— Work to be completed —
All that is wanted is the lines from the first line of the listing below through the line containing "Kamari Love, Joe", written out exactly with pictures left out.

— Material provided —
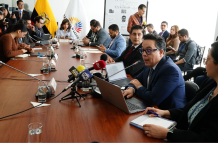 El caso Ligados genera polémica en Ecuador, con posibles juicios políticos para los involucrados.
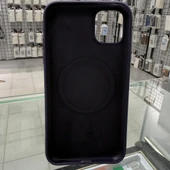 iPhone 11 MagSafe Yumuşak Silikon Kılıf – Lansman İçi Kadife Dokulu, Kablosuz Şarj Destekli Derin Mor - 2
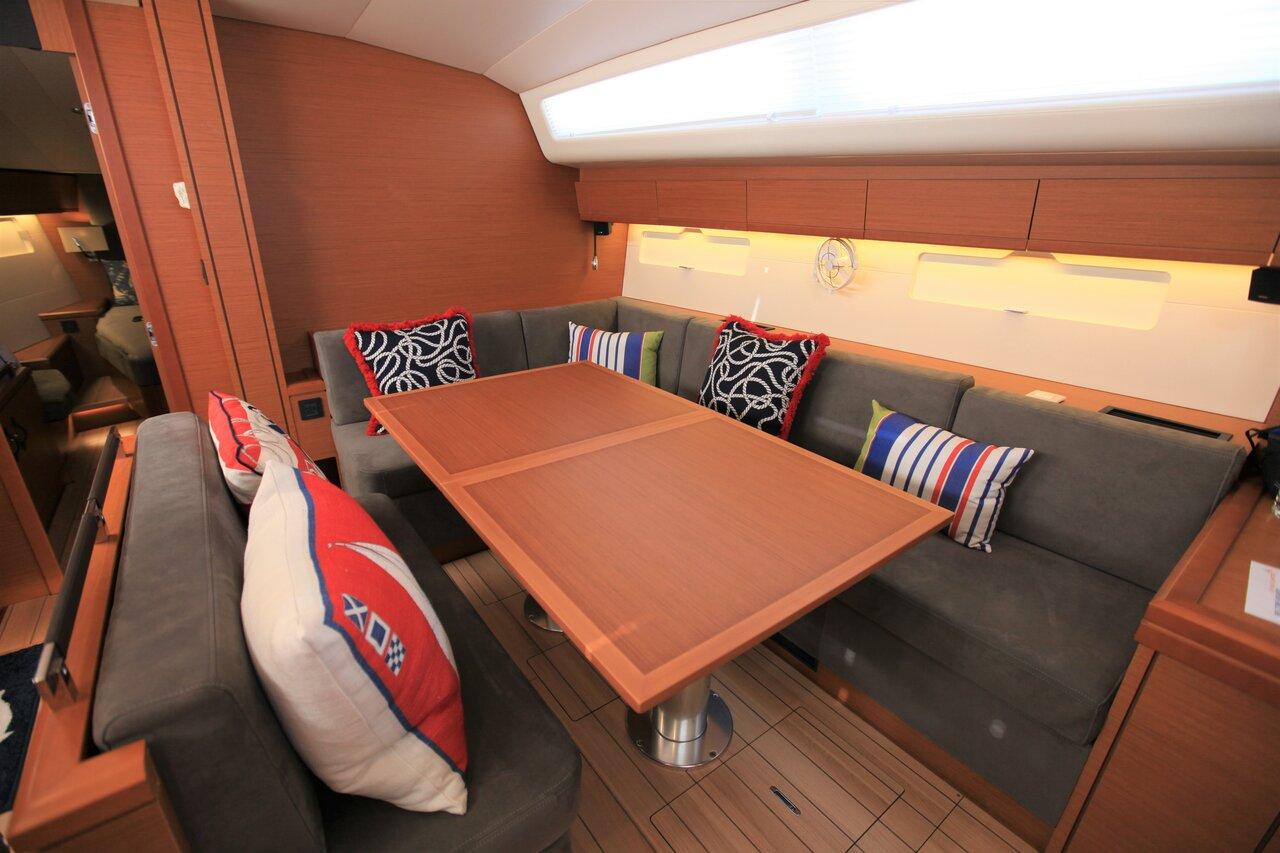 Jeanneau 54 - 3 cab. - Silvergirl, picture 6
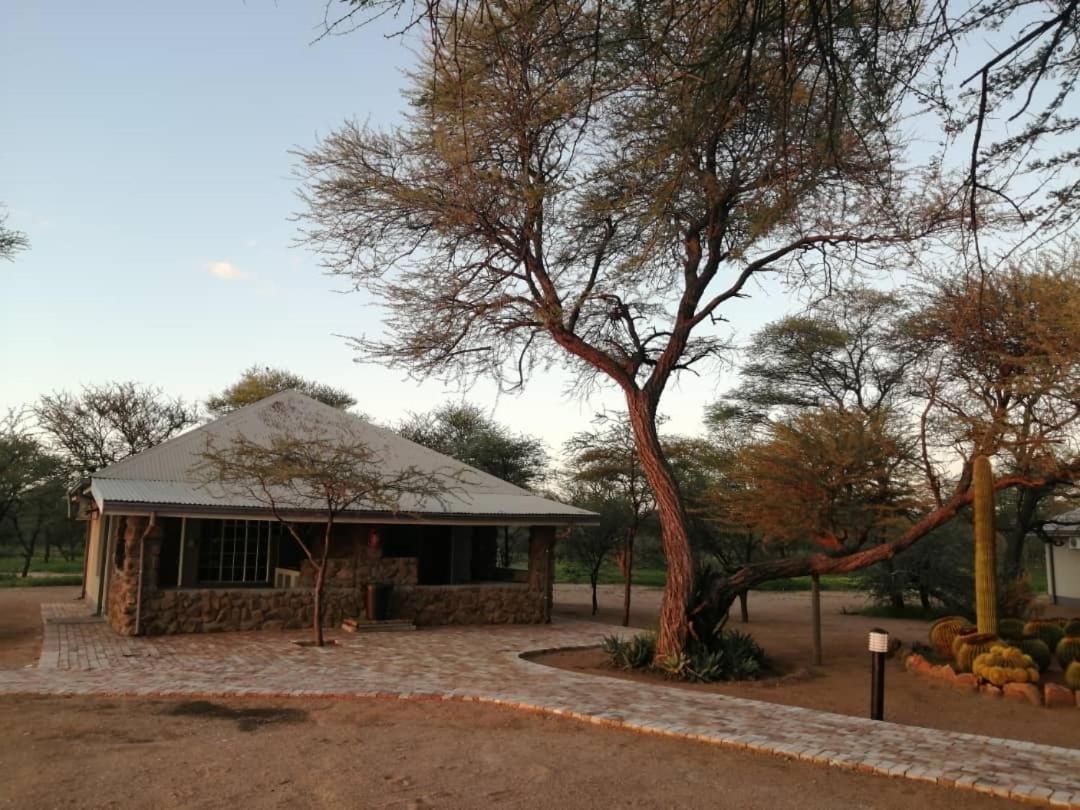 Khan River Lodge Wilhelmstal Екстер'єр фото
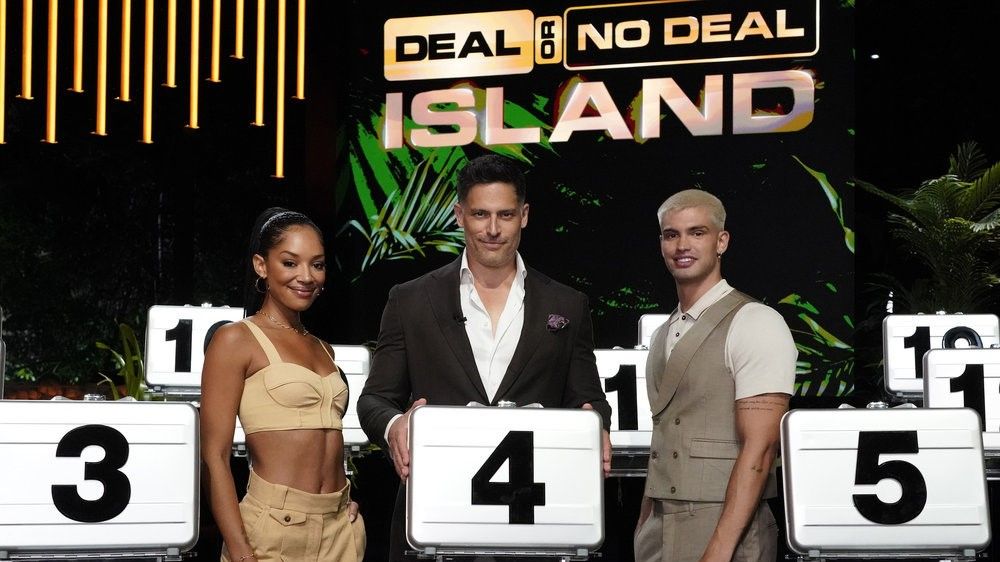 Kamari Love, Joe Manganiello and Ben Crofchick on Deal or No Deal Island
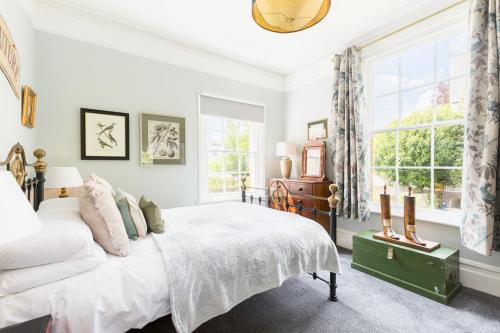 Gloucester Apartment | 2 Spa Villas Gloucester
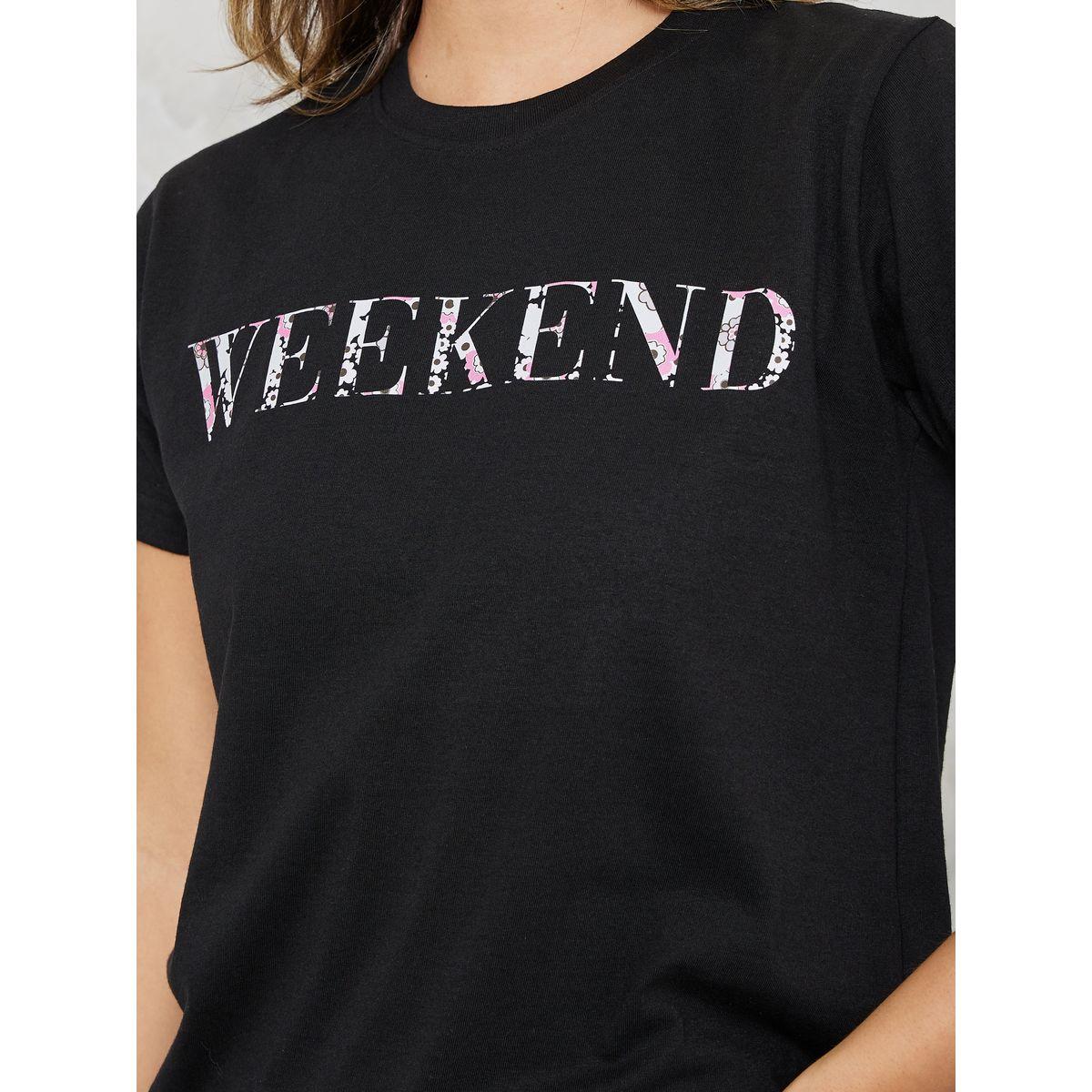 Styli Unwind Weekend Floral Print T-Shirt & Pyjama Set-women-clothing-nightwear-pyjamas-longsets-image-3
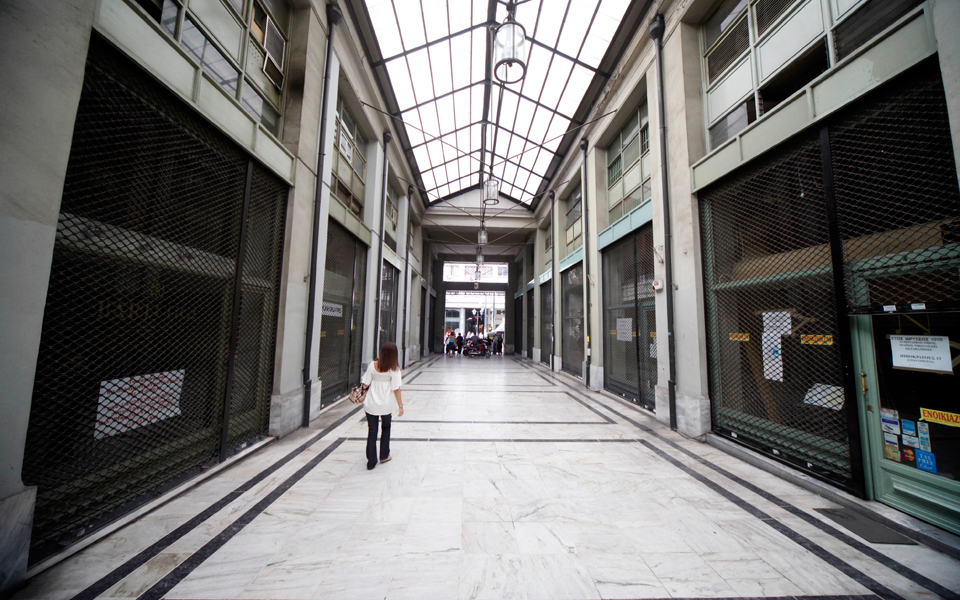 πολλά-πωλητήρια-αλλά-λίγοι-αγοραστές-2069655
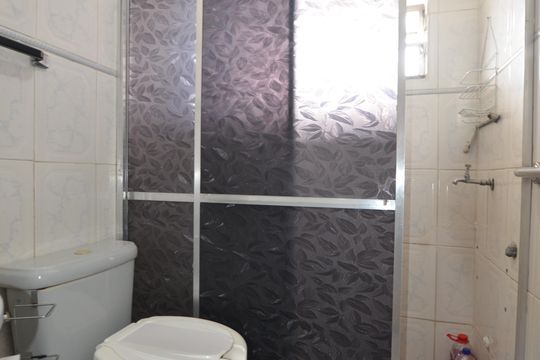 Banheiro de apartamento para alugar com 2 quartos, 65m² em Marechal Hermes, Rio de Janeiro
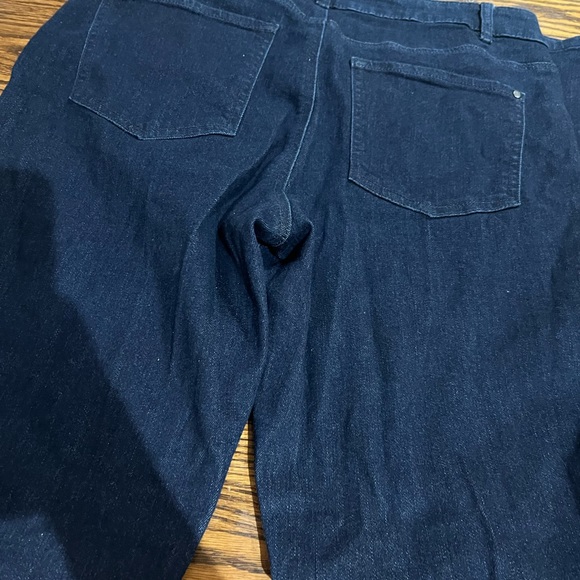 Jegging - Picture 2 of 2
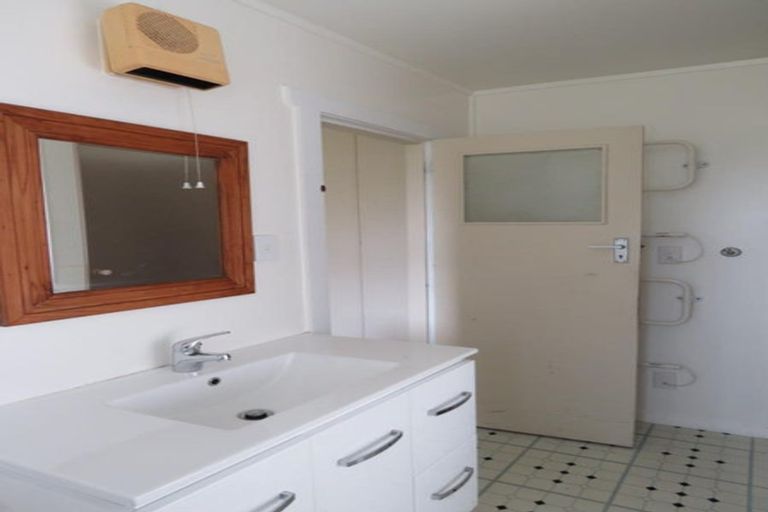 Photo of property in 40 Hine Street, New Plymouth, 4310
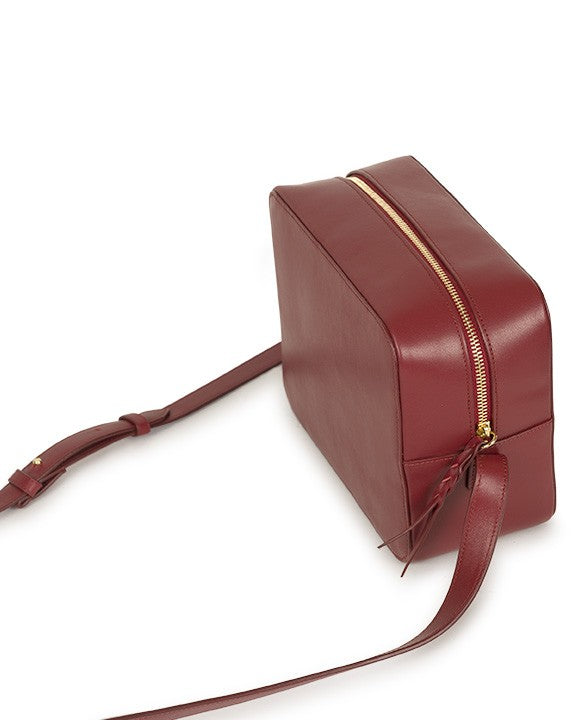 Bolso bandolera de piel color burgundy. Bolso de piel  tipo crossbody made in Spain Leandra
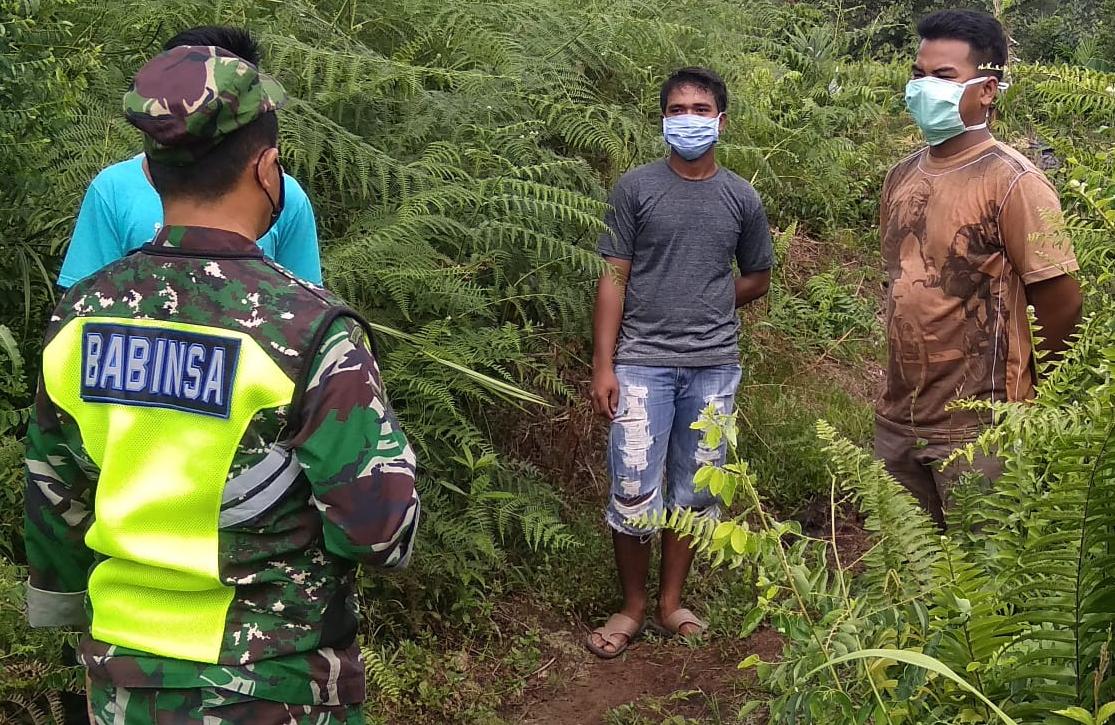 Ada Dua Points Disampaikan Serda L Syahdanur Saat Lakukan Komsos Ke Masyarakat Empang Pandan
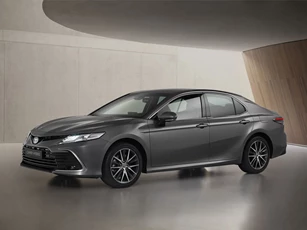 ‘Soi’ Toyota Camry Hybrid 2021, công suất 215 mã lực
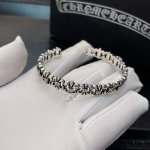 新款 专柜原版品质 非普通版本 快手 Ins 小红书热门爆款 Chrome Hearts克罗心经典童军花开口手镯 凹凸造型不同的花纹设计风格呈现出与众不同 十字
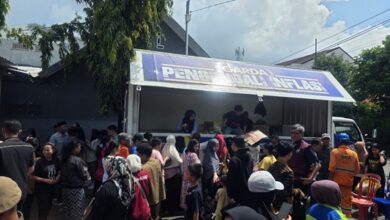 Warga Antusias Serbu Pasar Murah Pemkot Makassar
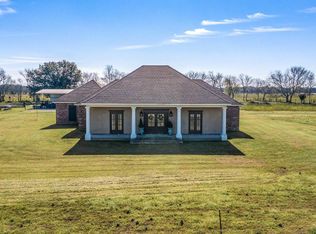 818 L Anse De Cavalier Rd, Ville Platte, LA 70586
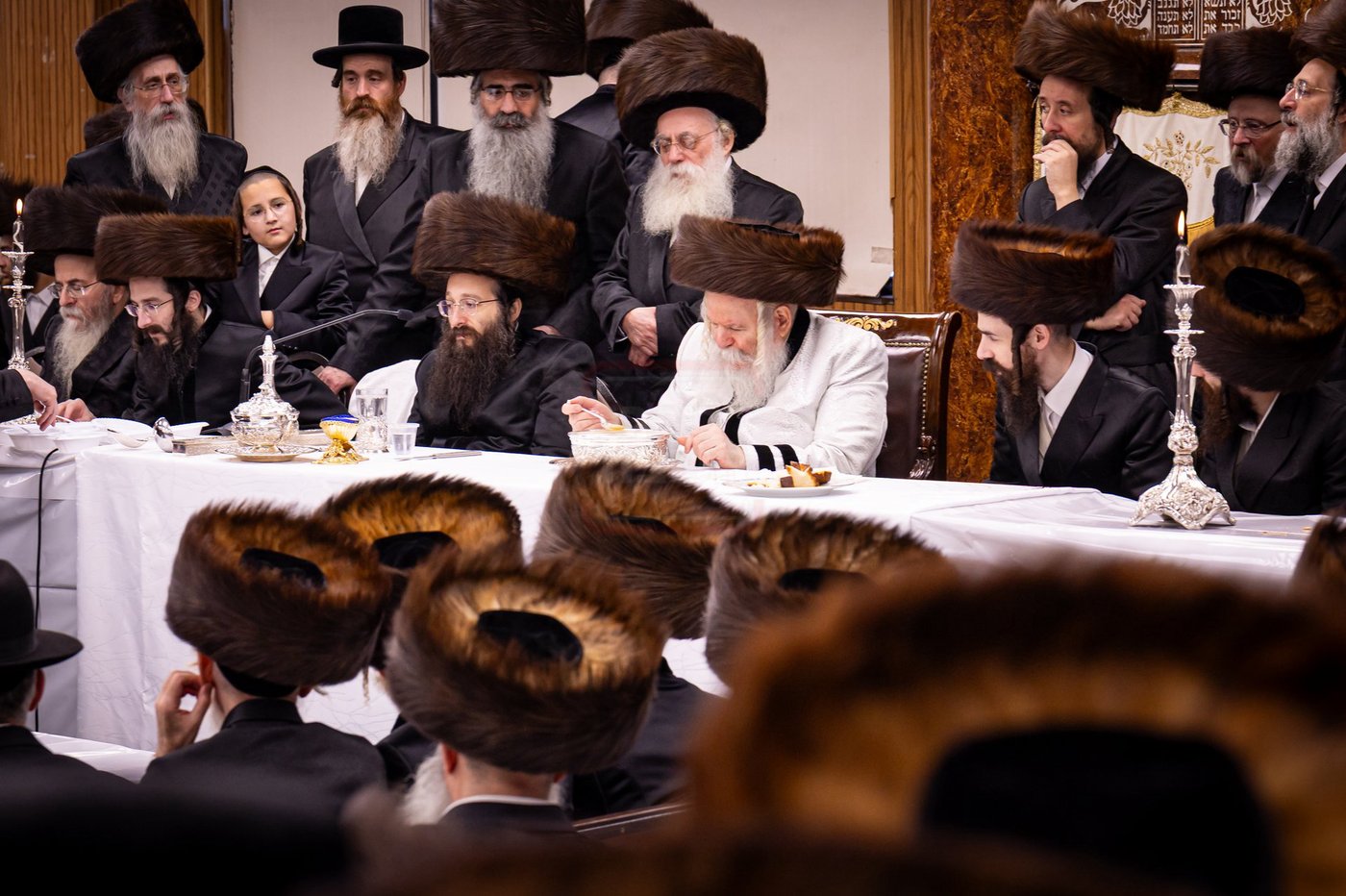 האדמו"ר מבאבוב בטיש ערב יום כיפור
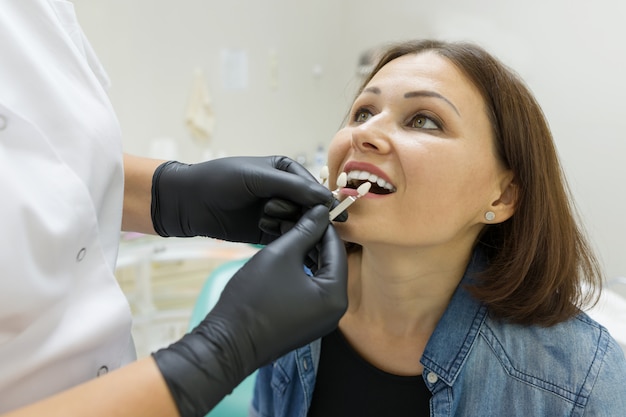 Donna adulta che si siede nella sedia del dentista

— Response for this exercise —
 El caso Ligados genera polémica en Ecuador, con posibles juicios políticos para los involucrados.
 iPhone 11 MagSafe Yumuşak Silikon Kılıf – Lansman İçi Kadife Dokulu, Kablosuz Şarj Destekli Derin Mor - 2
 Jeanneau 54 - 3 cab. - Silvergirl, picture 6
 Khan River Lodge Wilhelmstal Екстер'єр фото
 Kamari Love, Joe Manganiello and Ben Crofchick on Deal or No Deal Island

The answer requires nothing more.